Ambil contoh, ujar Suyuthi, tentang kebersihan dan sikap toleransi
yang memang terkandung dalam ajaran Islam. “Di Norwegia sering terjadi macet
hanya gara-gara menghargai pejalan kaki,” katanya.
“Ketika ada pejalan kaki yang mau melintas di jalan, dari jarak
jauh kendaraan sudah mengerem untuk kemudian berhenti. Para sopir baru
menjalankan kendaraannya kembali sesudah pejalan kaki tersebut selesai menyeberangi
jalan,” papar Suyuthi.
“Pernah suatu ketika ada kakek yang menyeberang jalan secara pelan,
maka mobil yang semestinya melaju dengan cepat berhenti seketika,” ungkapnya.
Dan hebatnya, tegas Suyuthi, tak ada satu pun kendaraan yang
membunyikan klaksonnya.
“Bandingkan saja dengan di Madura yang penduduknya mayoritas Islam,” kata Suyuthi sembari tersenyum
tanggung. Para peserta pun banyak yang tertawa menimpali senyuman Suyuthi
tersebut.
Demikian pula berkaitan dengan kebersihan. Di Norwegia bisa
dipastikan sulit ditemui sampah berserakan dan parit-parit yang digenangi air
busuk kebiruan. Di Indonesia, mudah sekali ditemukan air tak bersih kebiruan di
parit-parit sekitar jalan serta banyaknya sampah yang berserakan di sekitar tempat
sampah.
Selain kebersihan dan sikap toleransi, Suyuthi juga mengungkap
tentang penanganan kesehatan di Norwegia.

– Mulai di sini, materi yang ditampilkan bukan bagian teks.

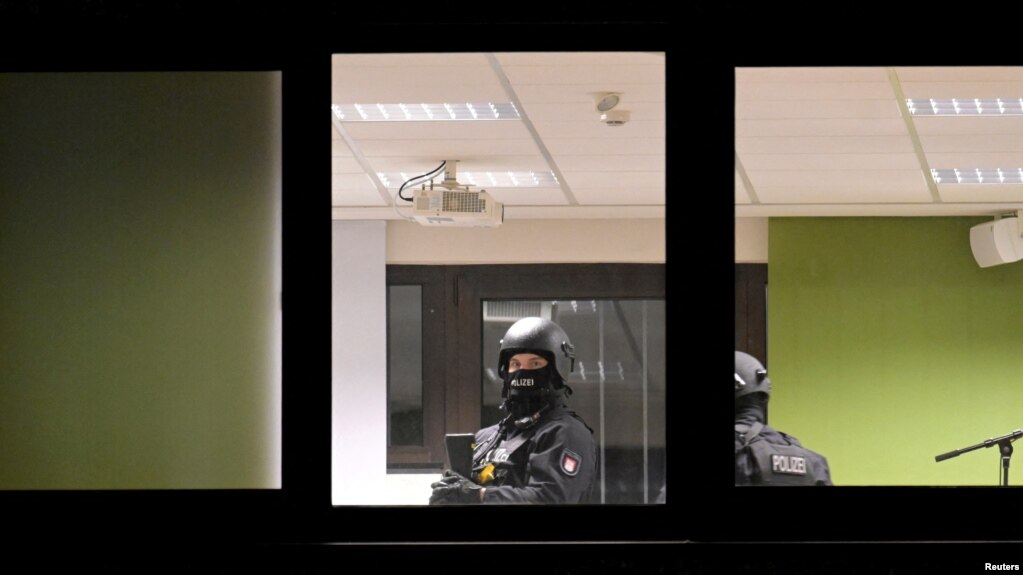 德国特警进入北部城市汉堡的一座发生枪击案的建筑内。（2023年3月9日）(photo:VOA)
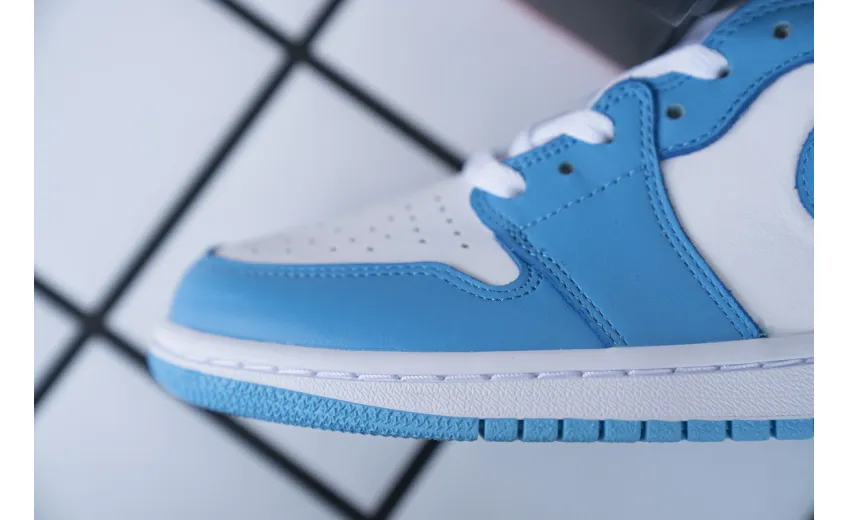 Reps StockX Shoes Air Jordan 1 Retro"UNC" Blue 555088-117??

“Di Norwegia, orang sakit langsung ditangani. Di Indonesia,
keluarga si sakit masih ditanyai uang dulu, cukup biaya pengobatan atau tidak.
Kerap kali di Indonesia orang sakit justru menghembuskan nafas terakhirnya di
rumah sakit karena tidak tertangani secara baik. Hanya gara-gara tidak punya
uang yang mencukupi,” jelas pria yang pernah menjadi khotib di masjid Trondheim
itu.
Respon Positif Peserta
Penjelasan Suyuthi tentang potret Islam dan umat Islam di Norwegia
mendapat respons positif dari
para peserta diskusi. Ketika M Mushthafa memberikan kesempatan bertanya kepada
para peserta, banyak peserta yang
ingin bertanya.
Maimunah, salah satu siswi kelas XII Madrasah Aliyah 1 Annuqayah Putri, mengomentari
penjelasan Suyuthi tentang banyaknya pemeluk Islam yang bermula dari adanya
cinta.
“Mereka yang masuk Islam karena cinta, tentu pemahaman tentang
Islam terbilang minim. Aplikasi terhadap ajaran Islam secara utuh jelas dalam
tanda tanya besar. Ini sungguh memprihatinkan di tengah komunitas Islam di Norwegia yang bergerak tidak secara
aktif. Hanya survive kata pak Suyuthi tadi,” ujar Maimunah.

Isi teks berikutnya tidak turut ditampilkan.